Hallo Perfektionist,

Eine "FullHD 1920/1080" -Flachglotze MUSS das auch können.



> ein Gerät rundrum einen Rand abschneidet


Was für ein Seitenverhältnis hat das Teil? (16:10 ?)

Wie ist das Seitenverhälnis im Fernseher eingestellt -Auto/16:9/4:3/Aspect.....

Hast du mal eine "FullHD-Quelle" (Sat, Settop-Box, Bluray-Player) über HDMI angeschlossen und geprüft, ob sich das dann genauso verhält?

Meiner Meinung nach gibts seit den letzten paar Jahren keine Gerät mehr, die mit einer "Mogelangabe-Full HD" daherkommen.


----------



## Perfektionist (19 Oktober 2011)

dochdoch - das Ding mogelt. war wahrscheinlich doch zu billig ...

... aber eigentlich noch nicht wirklich alt.

wenigstens war die Grafikkarte bzw. deren Treiber darauf gefasst, dass es solche Mogelgeräte gibt und ließ sich dann entsprechend dem wahren Bildausschnitt anpassen.


----------



## Verpolt (19 Oktober 2011)

@Perfekter,

Könntest du den TYP der "elektronischen-Tapete" nennen.



> ... aber eigentlich noch nicht wirklich alt.



Das macht mich irgendwie stutzig :neutral:


----------



## Perfektionist (19 Oktober 2011)

wenn ich dran denk, schau ich mal heut abend aufs Typenschild.


----------



## miami (19 Oktober 2011)

Perfektionist schrieb:


> Das andere Gerät ist "FullHD 1920/1080". Aber dass so ein Gerät rundrum einen Rand abschneidet und somit überhaupt nicht FullHD ist, dass weiß ich erst, seit ich eben mal den Rechner angeschlossen hatte.
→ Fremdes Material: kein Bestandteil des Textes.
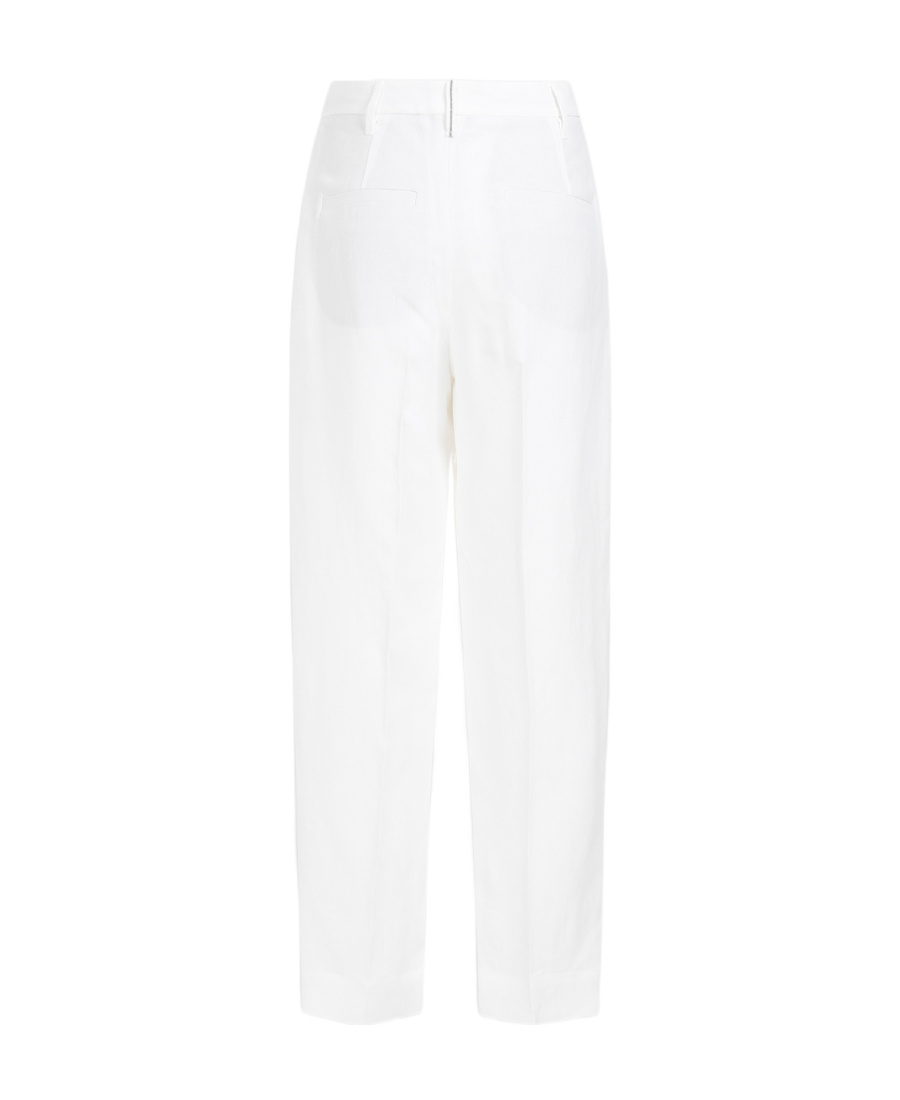 Brunello Cucinelli High-waist Cropped Trousers In White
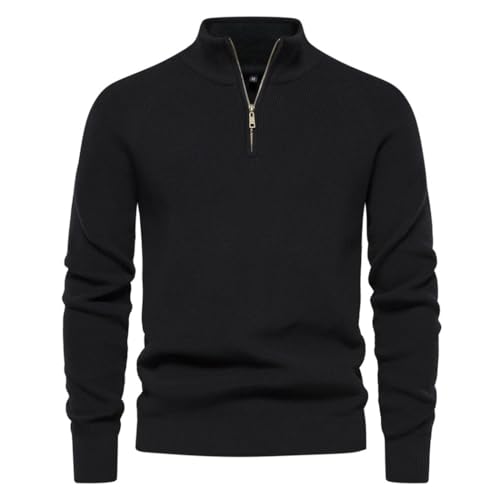 Men's Cotton Zipper Cardigan High Collar Knit Sweater for Autumn Winter Warm Casual Layered Pullover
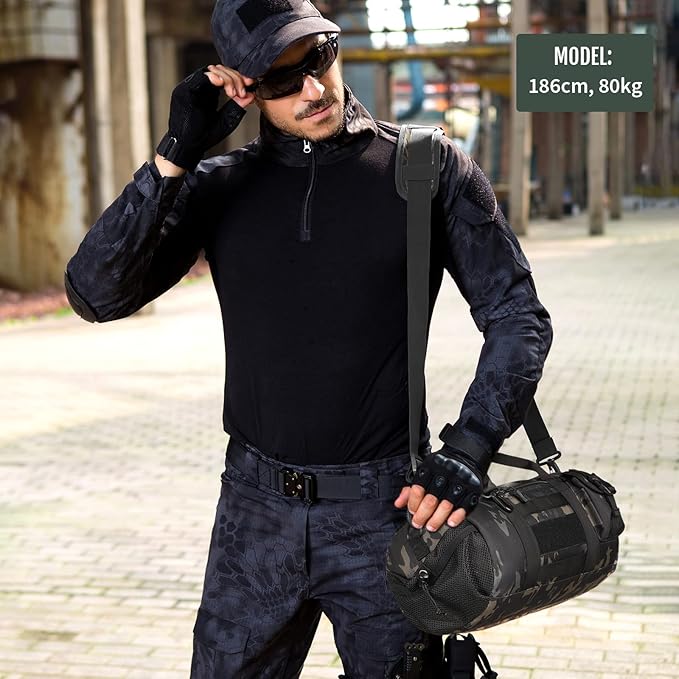 Huntvp Tactical Duffle MOLLE Handbag Gear Military Travel Carry On Shoulder Bag Small Valise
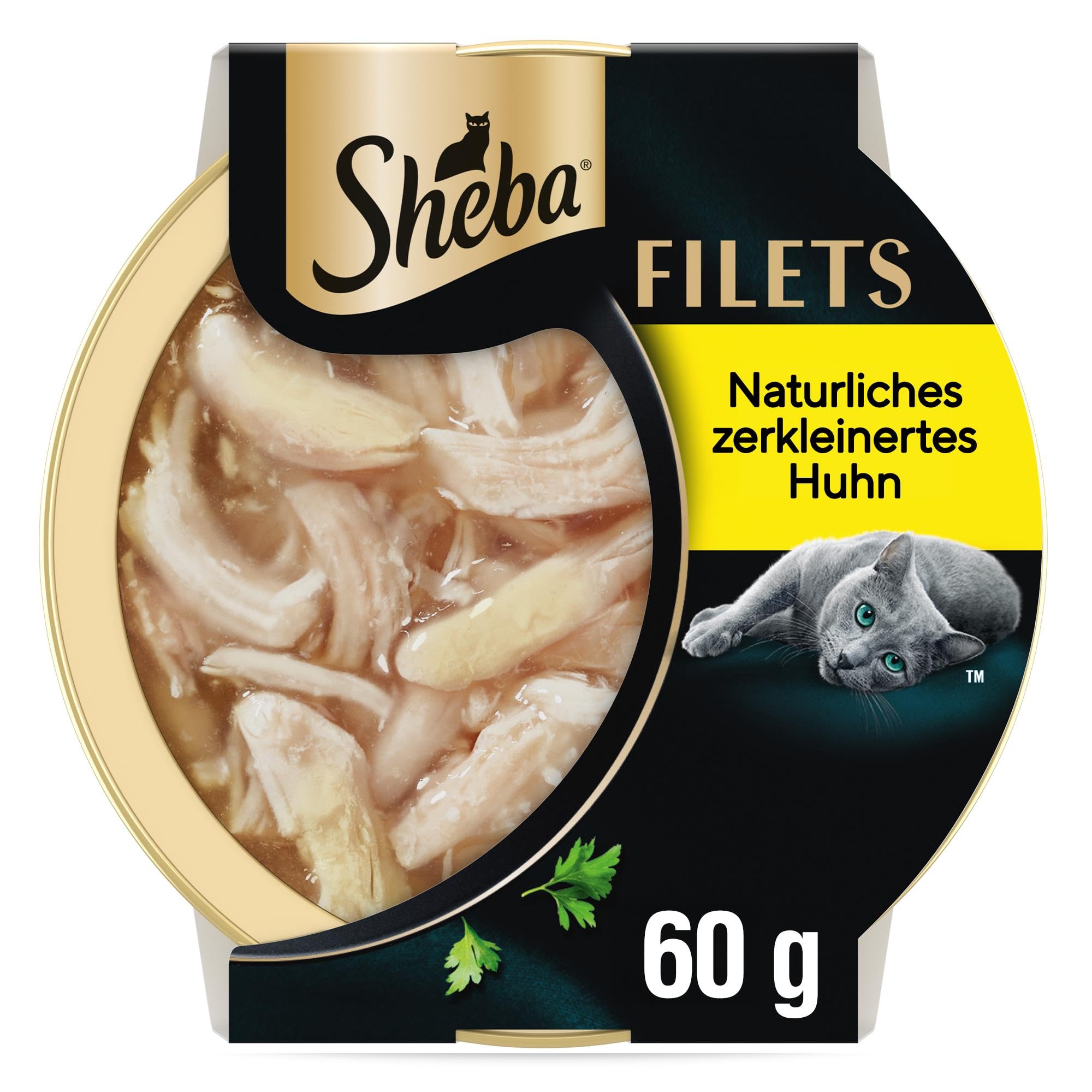 SHEBA Filets Adult Katzenfutter in Sauce mit Huhn 16 x 60g Schale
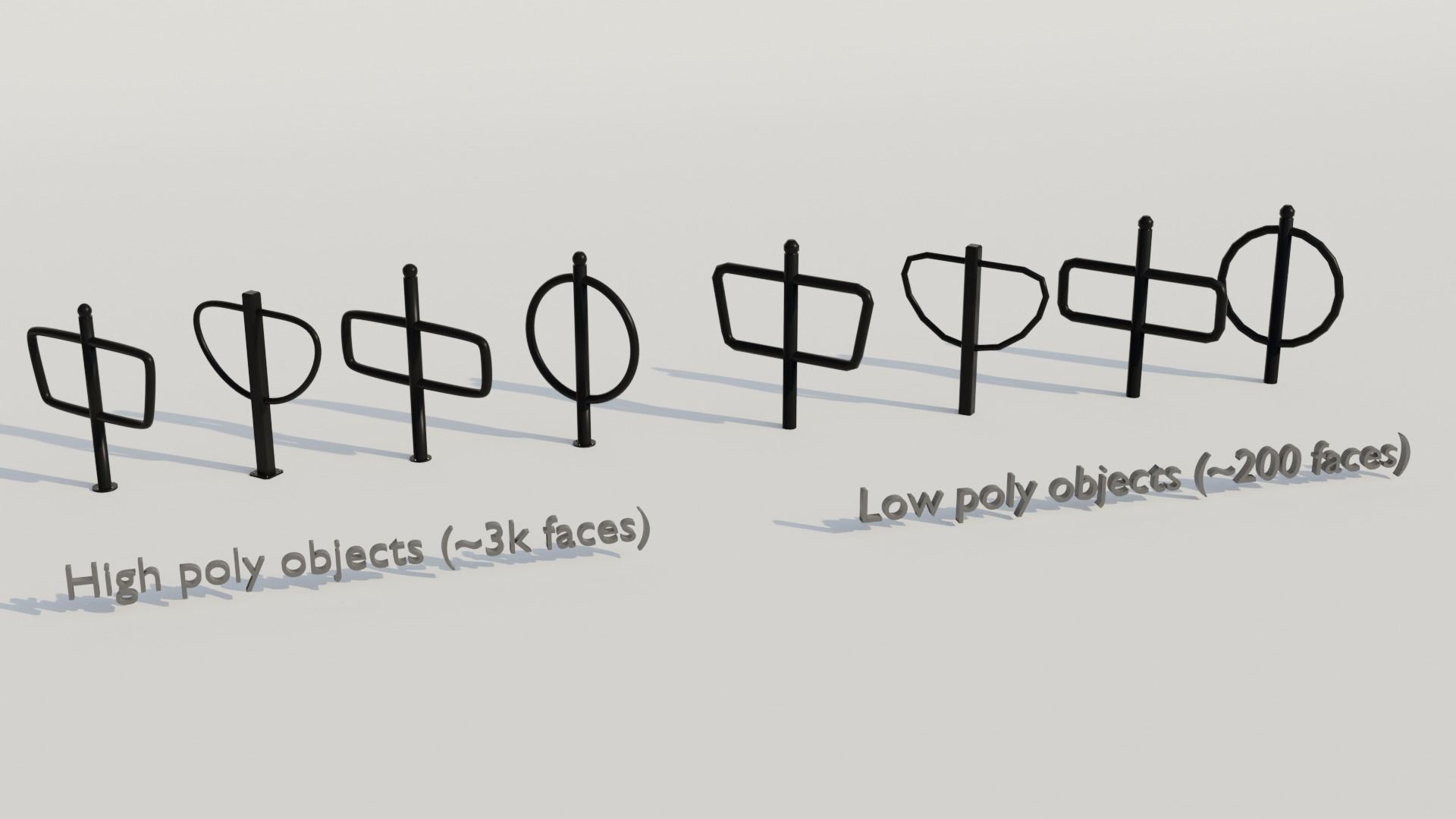 Street furnitures for bikes 3D model_11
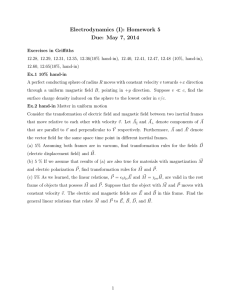 Electrodynamics (I): Homework 5 Due: May 7, 2014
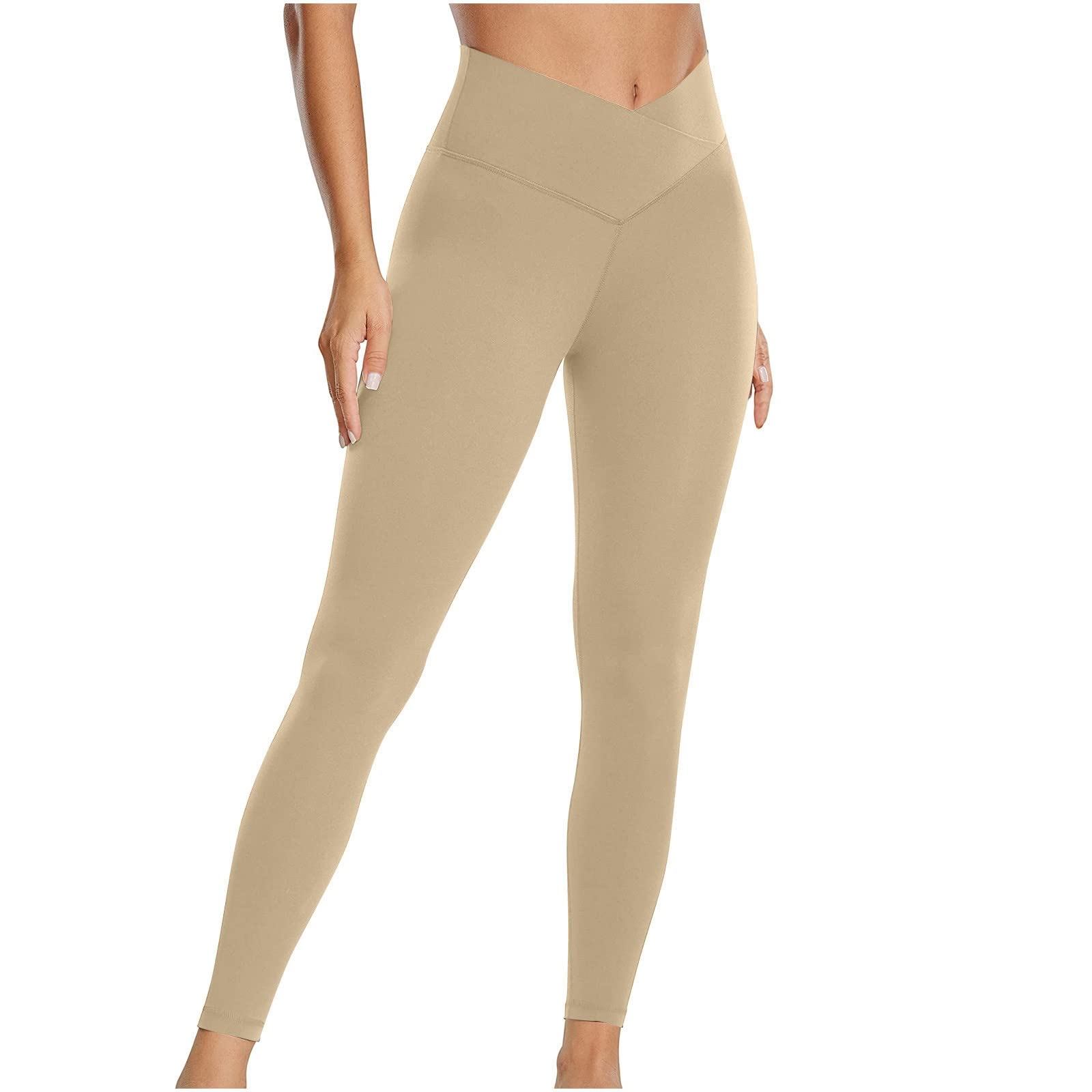 Genérico Pantalones de Yoga para Mujer de 7/8 de Longitud Que reafirman la Cadera, Monocolor, Pantalones de Yoga con Cintura Alta, Entrenamiento, Pantalones Deportivos, Pantalones de Yoga, Pantalones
Schau mal ob Du in den Einstellungen deines TV die Option "Overscan" findest, schalte die dann aus und Du solltest ein formatfüllendes Bild bekommen.
siehe: http://de.wikipedia.org/wiki/Overscan
Bei meinem Panasonic Plasma (glaube TH-46E85) klappt das hervorragend. Ich habe einen Linux SAT-Receiver, den ich (neben HDMI) auch per VGA an dem TV angeschlossen habe, und kann so den Linuxdesktop auf den TV bringen.


----------



## Perfektionist (27 Oktober 2011)

so, nachdem mir die Verkäufer nur Scheisse erzählt hatten, hab ich mal einfach den Samsung UE32D5000PWXZG gekauft. Mit der Option, dass ich den ggf. als ganz normalen Fernseher auch gebrauchen könnte ...

Ergebnis: zumindest als VGA-Monitor ist das Ding brauchbar. Keine unnötige Unschärfe, kein abgeschnittener Rand, keine Latenzzeiten. Und auch vernünftige Darstellung andererer Videomodi als 1920/1080, wenns darum geht, mal eine Runtime einigermassen formatfüllend darzustellen.

bleibt nur noch der Test bei DVI/HDMI ...

Aber ansonsten rekordverdächtig flach, rekordverdächtig stromsparend ...

achja: bei Mediamarkt heute für 379EUR gekauft. Also nichtmal teuer.

ich glaub, das Teil brauch ich morgen nochmal (als Fernseher für die gerade neu erworbenen Wohnung).


PS: ja, bei Tag betrachtet: er spiegelt ...
(aber welcher Proggie arbeitet schon in einem taghellen Büro  )


----------